Friday, October 27, 2006

When 'Exclusive' is not really exclusive...

One situation that can really annoy an IBM Informix DBA happens when you're trying to ALTER TABLE [...] and you get the error "Non exclusive access when executing a DDL...". You then think... "Oh... I'll lock it in exclusive mode"... And after killling some sessions, setting the lock mode to WAIT and opening a transaction you get the desired 'exclusive' lock. Then you try the ALTER TABLE again and what happens? The same error! How can it be you ask?! Read on...

First let me say that this same subject is referenced in one of the many technical support articles. The link is here. Why am I writing this then? Well, because I think there's a bit more than what the article says... But please understand that everyhing in that article is correct, and that it solves the problem in most cases.

Let's start by making a few points:
  1. When you set the exclusive lock on a table using "BEGIN WORK; LOCK TABLE IN EXCLUSIVE MODE you don't prevent sessions with DIRTY READ isolation level from accessing the table
  2. In order to do an ALTER TABLE on a table, you need exclusive access on a different level. The fact that no one (besides dirty readers) can't read data from the table is not enough. There must be no references to the table structure. This is on a lower level than the SQL layer. This means for example that there can be no open cursors, no prepared statements using the table, and there can be no sessions waiting for the lock you establish. If for example at time T0 you get the exclusive lock, and before you make the ALTER TABLE, at T1, a session in LOCK MODE WAIT tries to SELECT FROM THE TABLE, this session will have a reference to the table. At T2 when you give the ALTER command, you won't be able to execute it. This needs a very precise timming to happen, but it can be easy when you're dealing with an "hot" table

For the first situation, our friends at R&D have come up with a solution, documented in the already mentioned article. There is an otherwise undocumented variable called IFX_DIRRTY_WAIT which allows us to specify a maximum number of seconds that we will wait for DIRTY READERS to release the table structure. This will also prevent new sessions to attach to the table structure.
So, two things can happen. If the ammount of time specified in IFX_DIRTY_WAIT is enough to let all dirty readers to complete their jobs, your ALTER TABLE statement will wait for a while and successfuly execute after the last one ends their reads. Otherwise, if there are still any dirty reader after the timeout, you'll get the normal error. In this case you'll have to increase the value you put in IFX_DIRTY_WAIT or use the time to kill some sessions.

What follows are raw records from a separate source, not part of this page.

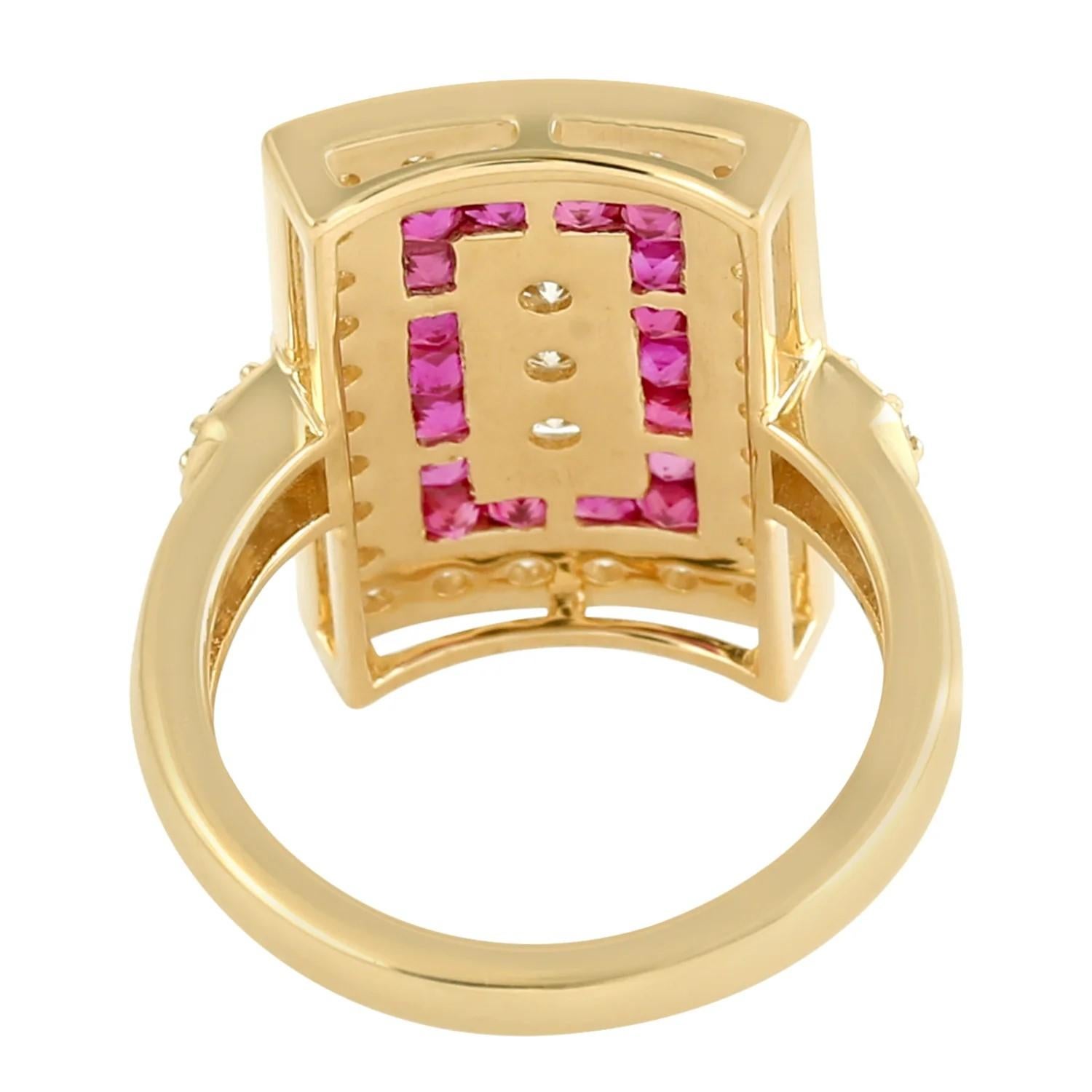 Artisan Ruby Diamond 14 Karat Gold Rectangle Ring For Sale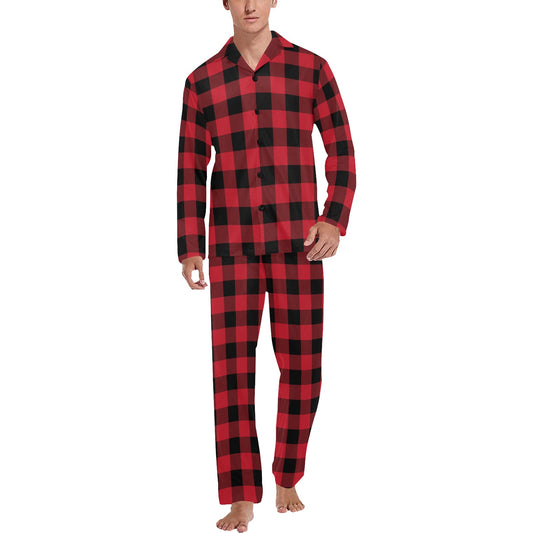Red Buffalo Plaid Men Pajama Set, Guys 2 Piece Pants Top PJ Checkered Winter Christmas Holiday Plaid Xmas Check Cozy Sleep Sleepwear Gift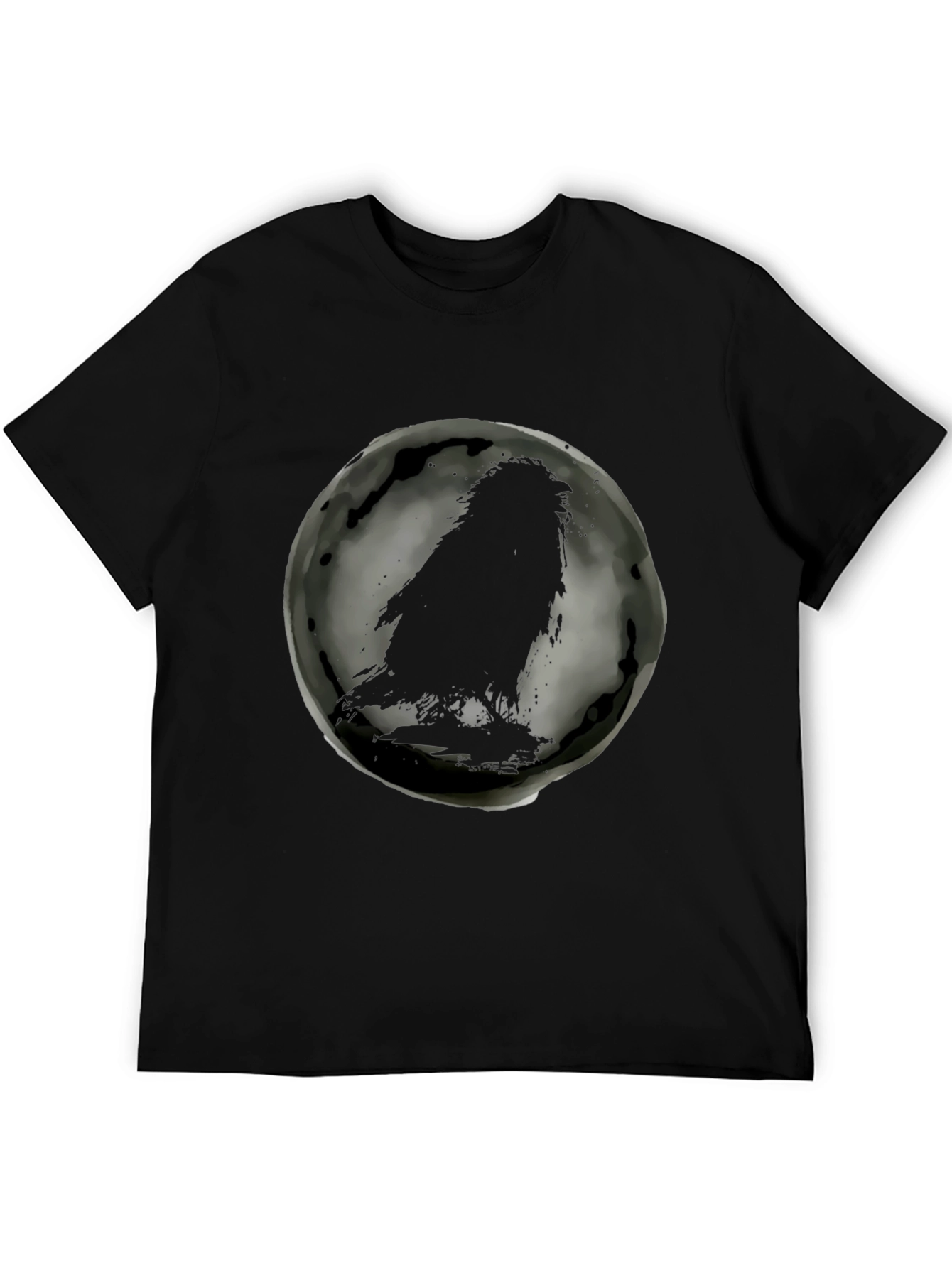 Raven Ink Circle Graphic Tee - Stylish Casual Wear
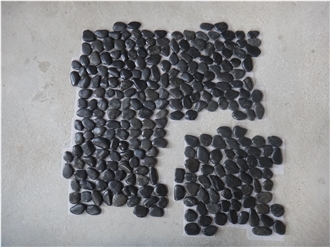 Black Pebble Stone On Net For The Wall Cladding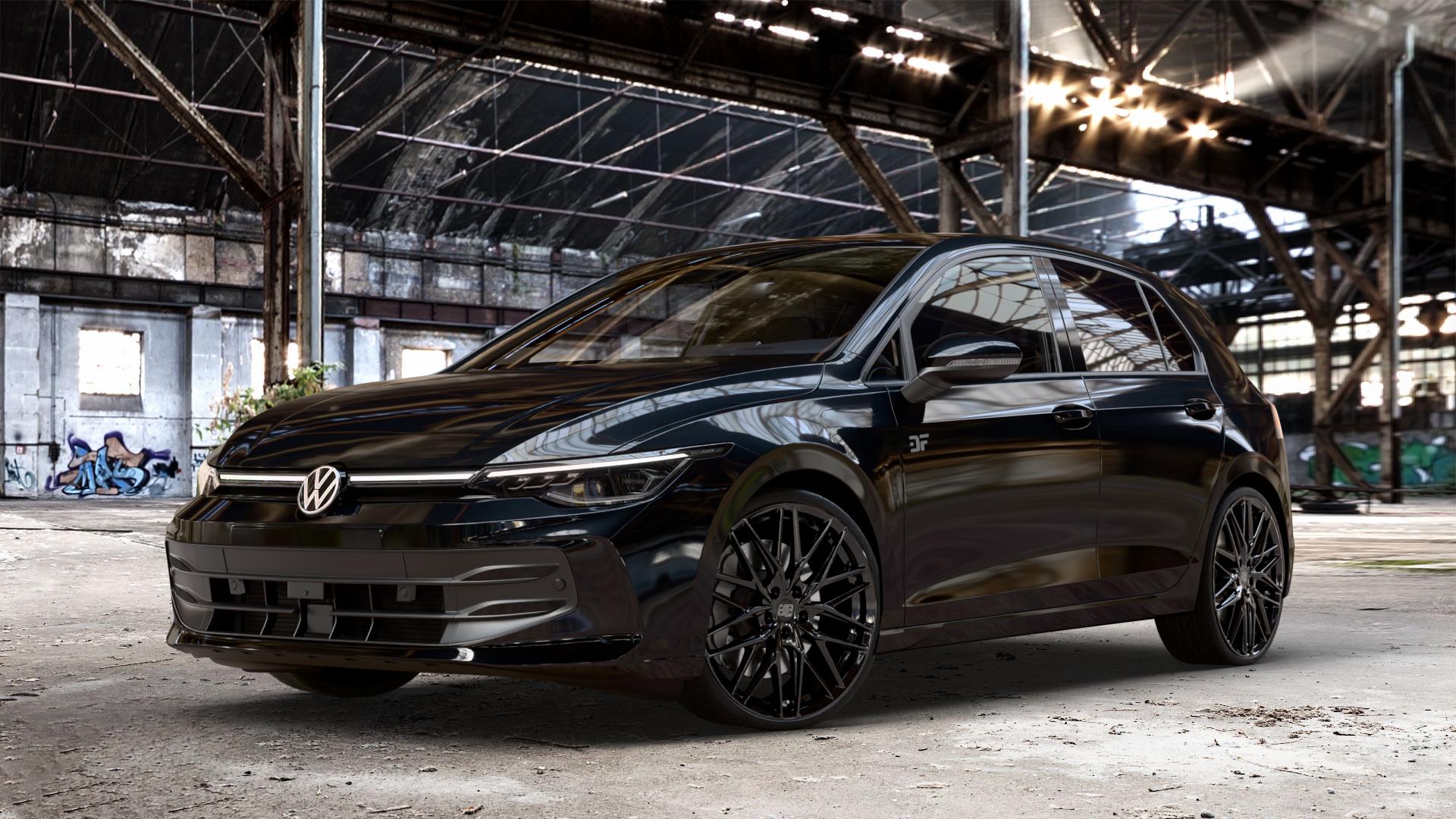 MSW 50 GLOSS BLACK Felge mit Reifen schwarz in 20Zoll Winterfelge Alufelge auf schwarzem Volkswagen (VW) Golf 8 Facelift ⬇️ mit 15mm Tieferlegung ⬇️ Old Industrial Hall_max_4400mm_2024 Frontansicht_1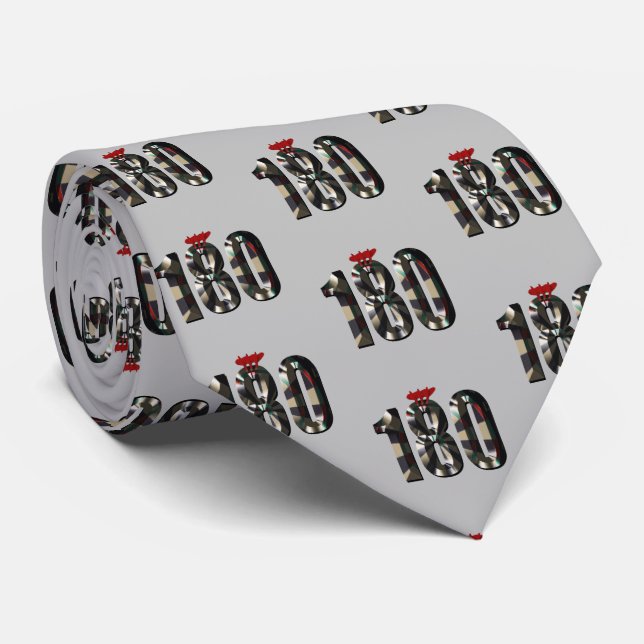 Darts Score One Hundred Eighty, Tie (Rolled)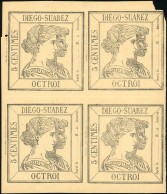 (*) Timbres D'OCTROI. 2 Blocs De 4 Du 5c. Papier Blanc Et Papier Crème. TB. - Andere & Zonder Classificatie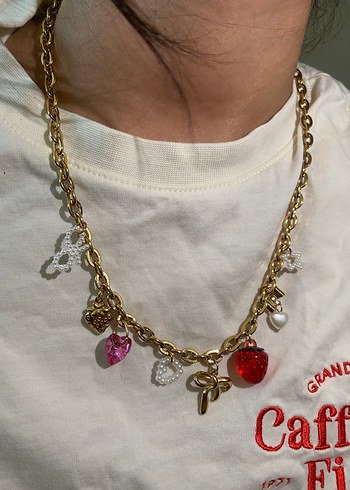 Zara Çelik Gold Charmlı Kolye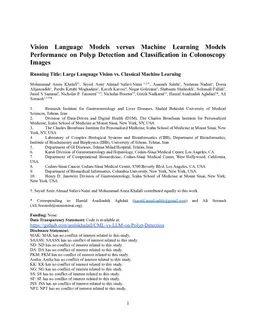 Vision Language Models versus Machine Learning Models Performance on Polyp Detection and Classification in Colonoscopy Images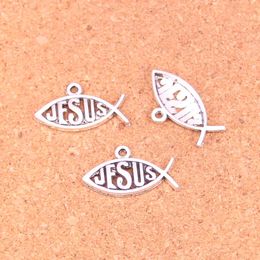 175pcs Charms fish jesus Antique Silver Plated Pendants Making DIY Handmade Tibetan Silver Jewelry 25*14mm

But this won't solve the second situation. For this you will have to find what sessions have references to the table and close them. And if you have a "wild" environment where you can't stop sessions from popping up, and many of this sessions make references to the table, you'll also need a way to stop this new sessions from using the table. I had cases where I checked which sessions were preventing me from doing the DDL and closed them. But when I retried the ALTER, there were already other sessions with references to the table. So, how can we find which session has a reference to a table?


> ideiafix@PacMan.domus.online.pt:informix-> onstat -g opn

IBM Informix Dynamic Server Version 10.00.UC5 -- On-Line -- Up 00:43:22 -- 87776 Kbytes
tid rstcb isfd op_mode op_flags partnum ucount ocount lockmode
39 0x477bf4c8 0 0x00000400 0x00000397 0x00100071 2 2 0
39 0x477bf4c8 1 0x00000002 0x00000003 0x00100071 2 2 0
39 0x477bf4c8 3 0x00000408 0x00000017 0x001000a3 1 1 0


Err... and now? Well, as you can see you have a column called "partnum", and another with the "rstcb". Knowing the tablename allows you to find out the partnum (and vice-versa) by looking at sysmaster:systabnames.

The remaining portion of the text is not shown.